Why are Buddhism and Jainism considered as religious reform movements? Explain.
(i) Buddhism and Jainism are only a new reformed form of Brahmanism or Hinduism. They were not a new creed but an appeal for holier living in the bosom of the existing Hindu religion and society.
(ii) Both Mahavira and Gautama took their stand on the existing religious conditions. J.N. Sarkar is of the opinion “that the light folds path enjoined by Buddha for extinguishing the earthly miseries of soul caused by the cycle of rebirth and death is only a code of general ethics and not the special creed of newly revealed and distinctive faith”.
(iii) Mahavira stressed asceticism and self-torture or penance which can be found in Vedas, Aranyakas and Upanishads. Likewise, the basic principles of Buddhism too have their roots in the Hindu philosophy of Sankhya and the later Upanishads. Mahavira and Buddha urged their hearers to give up their vices and to practice that purity of conduct and sincerity of belief which is the essence of every true religion.
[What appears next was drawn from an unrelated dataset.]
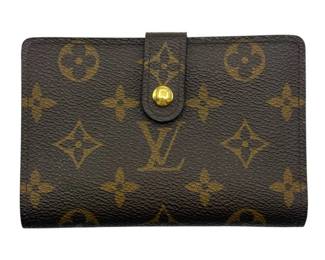 Louis Vuitton Monogram Canvas Snap Closure Wallet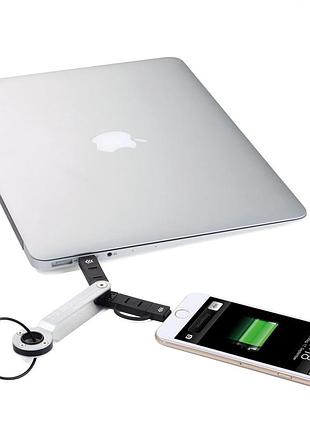 Ku брелок-адаптер troika walker universal fit usb microusb металлический красный зарядка и синхронизац uni2l_k 4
(iv) In the Jataka stories, Lord Buddha had explained the empty rites and rituals and told them that the true piet consists in leading a life of purity and simpilcity. It is believed that Gautama had taken his idea of ahimsa from the Hindu Vedic texts.
(v) Both these religious reform movements fostered the spirit of scientific inequity and intellectual discussion before accepting a belief blindly. Each of these ideas could not be new ones as we have references of debates and discussions during the Later Vedic period.